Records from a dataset

Segment Open

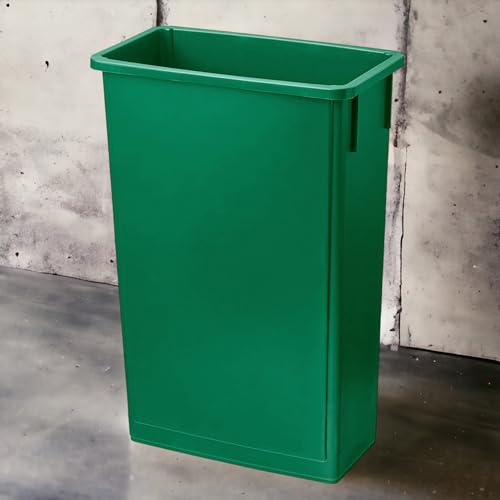 23 Gallon Dark Green Slim Tall Plastic Industrial Trash Cans for Kitchen and Restaurant - color: Dark Green, size: 23 Gallon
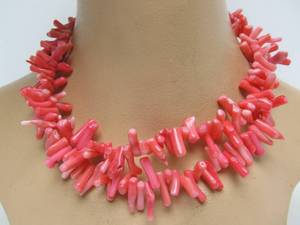 Multi-Strand Pink Cluster Coral Necklace wSterling Silver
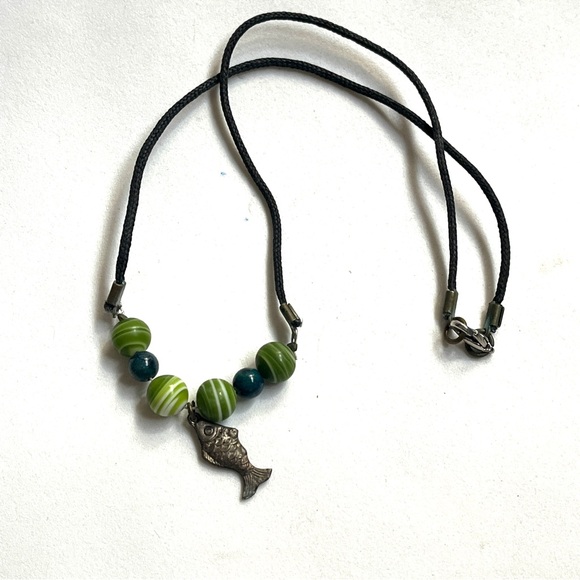 Silver Fish, Striated Green & Teal Beads- Necklace with lobster clasp. EUC - Picture 2 of 9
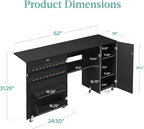 Best Choice Products Large Folding Sewing Table, Caster Wheels, Storage Shelves - Image 2
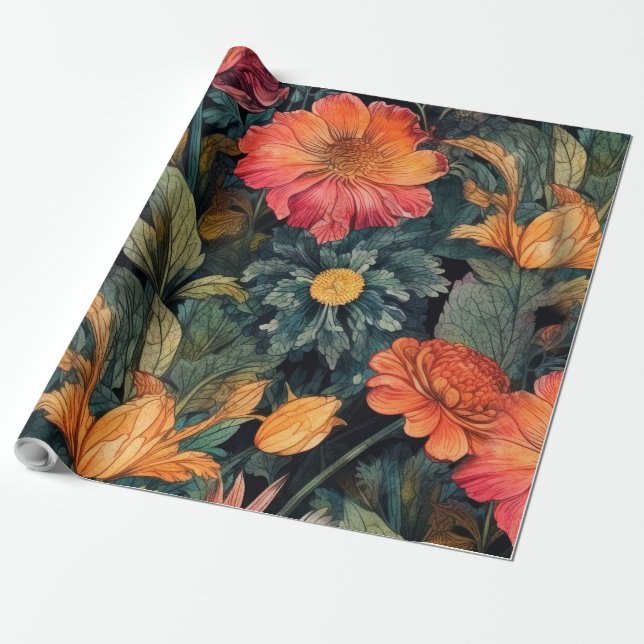 Papel De Presente Flores, arte natural (Desenrolado)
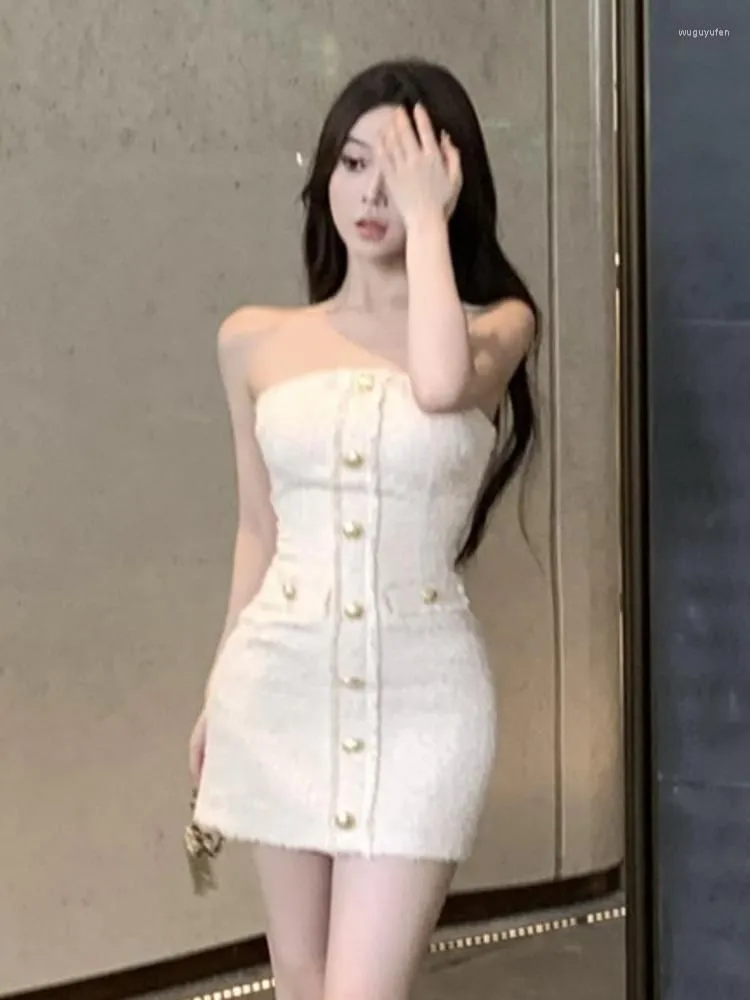 Casual Dresses Sweet Small Fragrance Summer For Women Korean Fashion Elegant Bodycon Slim Sexy Dress Mini Party Robes Vestidos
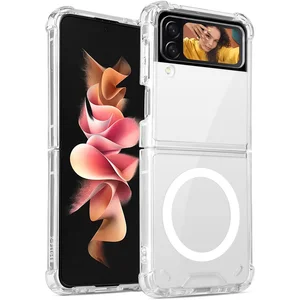 Samsung Galaxy Z Flip 3/4/5 Magsafeケース耐久性のあるエアクッションサポートワイヤレス充電電話ケースの磁気透明 8ベストセールスギャラクシーフリップ4カバー-2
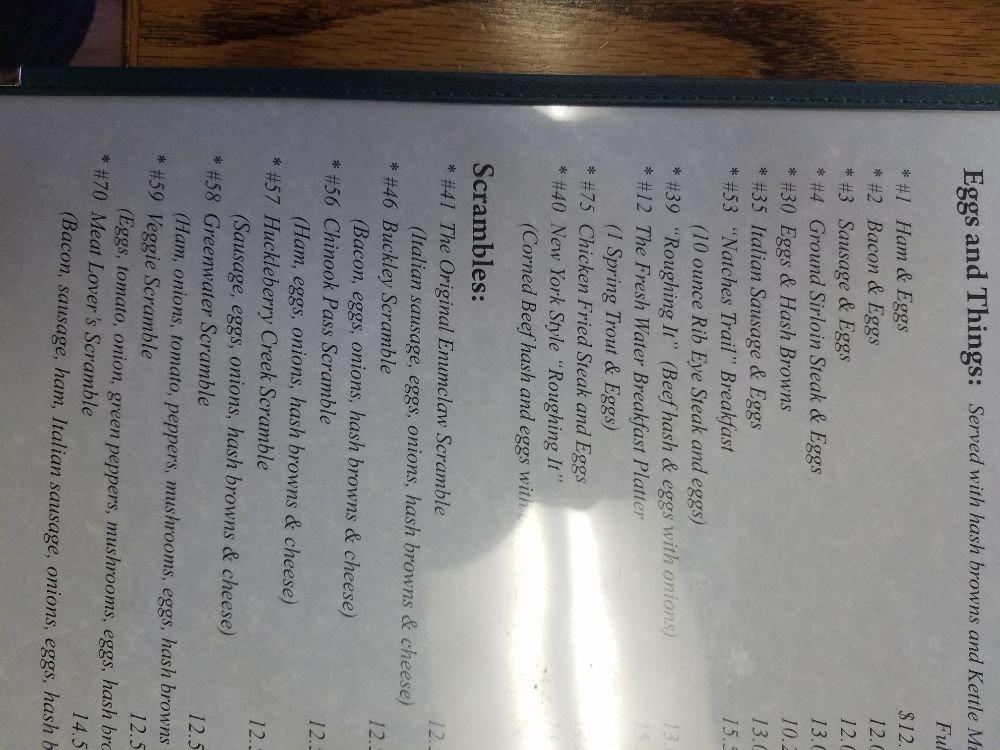 Menu at The Kettle restaurant, Enumclaw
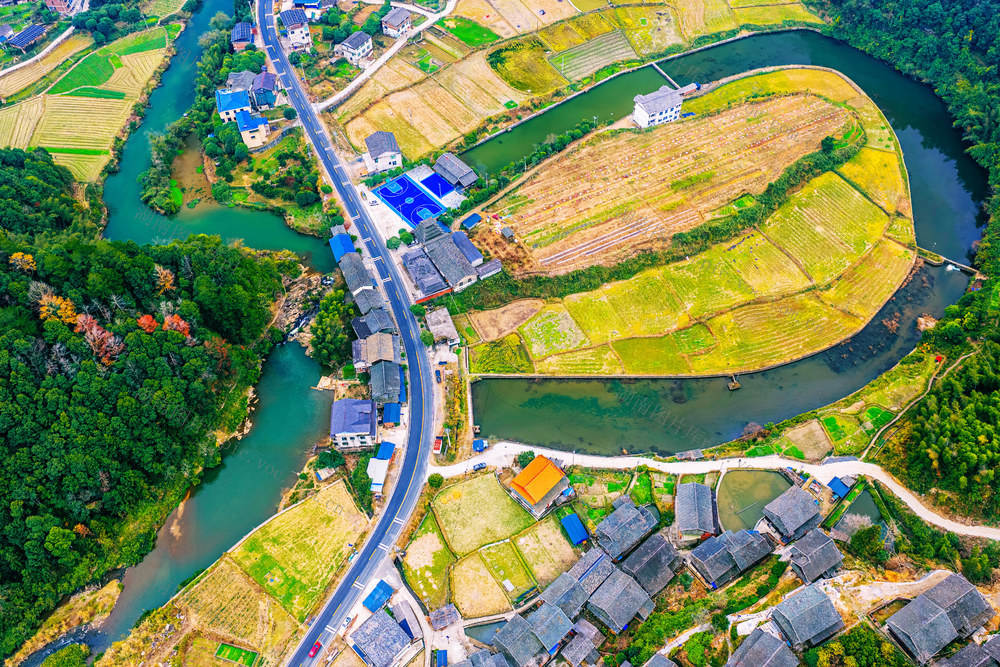 河流 乡村 田园 路 水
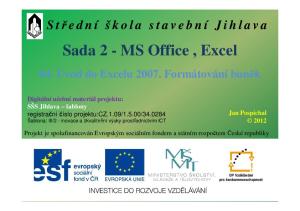 Sada 2 - MS Office, Excel
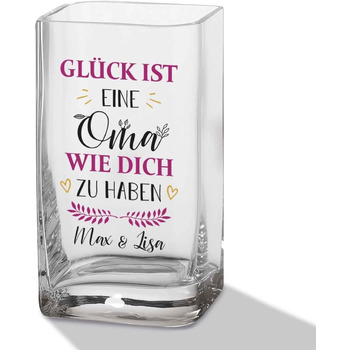 Квіткова ваза з УФ-друком - Щастя - це бабуся - Персоналізована з іменами - Сучасна скляна ваза - Персоналізовані подарунки для жінок - Ідея декоративного подарунка на день народження - 20x11см 20 x 11см Бабуся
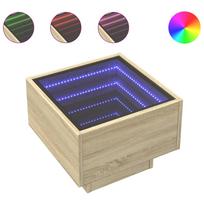 vidaXL Naktinis staliukas su Infinity LED, ąžuolo, 40x40x30cm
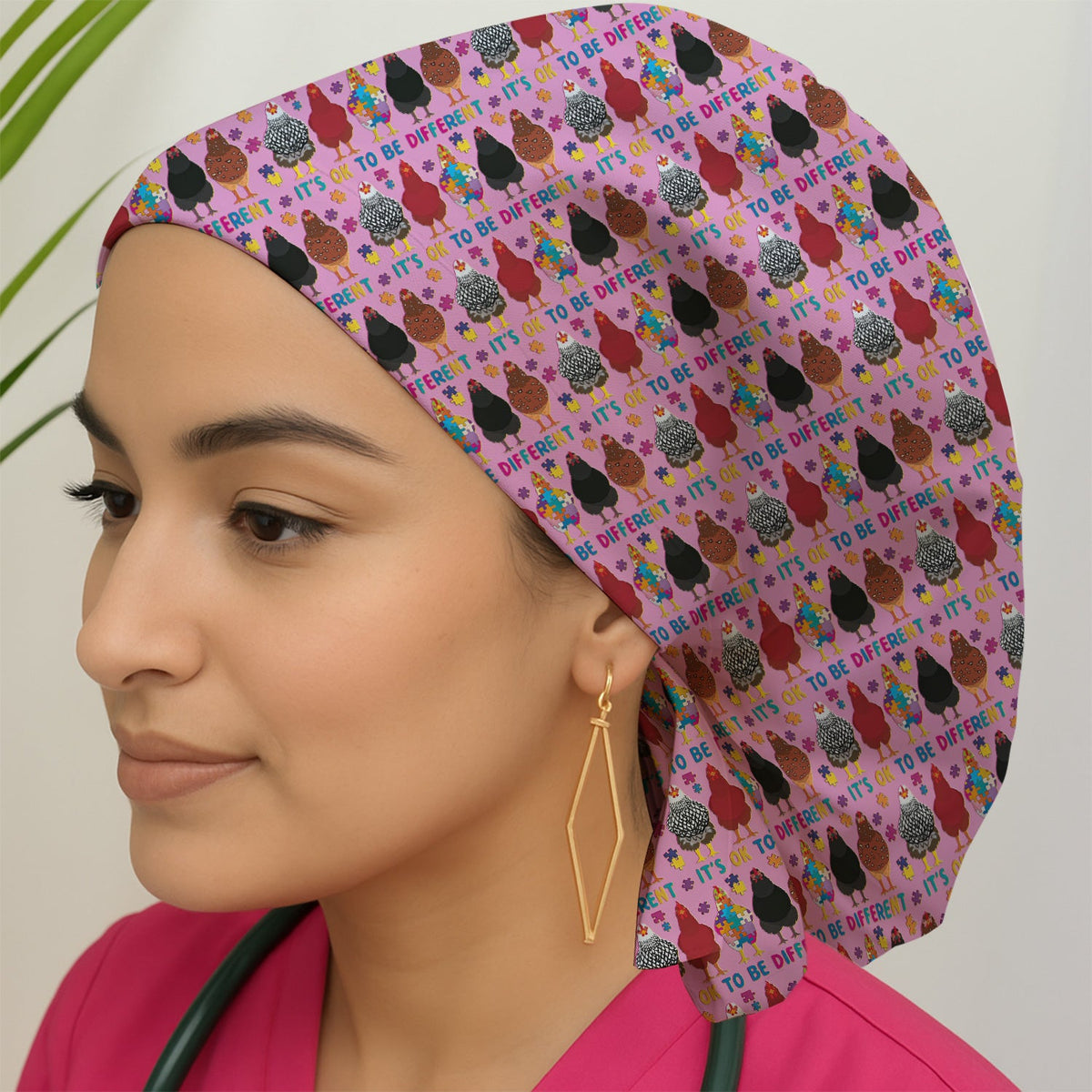Autism Chicken It's OK To Be Different Scrub Cap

Segment Closed

__WHAT YOU SHOULD DO__
Output all of the records word for word, and keep the pictures out of the copy.

__RESULT OF THE TASK__
 23 Gallon Dark Green Slim Tall Plastic Industrial Trash Cans for Kitchen and Restaurant - color: Dark Green, size: 23 Gallon
 Multi-Strand Pink Cluster Coral Necklace wSterling Silver
 Silver Fish, Striated Green & Teal Beads- Necklace with lobster clasp. EUC - Picture 2 of 9
 Best Choice Products Large Folding Sewing Table, Caster Wheels, Storage Shelves - Image 2
 Papel De Presente Flores, arte natural (Desenrolado)
 Casual Dresses Sweet Small Fragrance Summer For Women Korean Fashion Elegant Bodycon Slim Sexy Dress Mini Party Robes Vestidos
 Samsung Galaxy Z Flip 3/4/5 Magsafeケース耐久性のあるエアクッションサポートワイヤレス充電電話ケースの磁気透明 8ベストセールスギャラクシーフリップ4カバー-2
 Menu at The Kettle restaurant, Enumclaw
 河流 乡村 田园 路 水
 Sada 2 - MS Office, Excel
 Квіткова ваза з УФ-друком - Щастя - це бабуся - Персоналізована з іменами - Сучасна скляна ваза - Персоналізовані подарунки для жінок - Ідея декоративного подарунка на день народження - 20x11см 20 x 11см Бабуся
 vidaXL Naktinis staliukas su Infinity LED, ąžuolo, 40x40x30cm
Autism Chicken It's OK To Be Different Scrub Cap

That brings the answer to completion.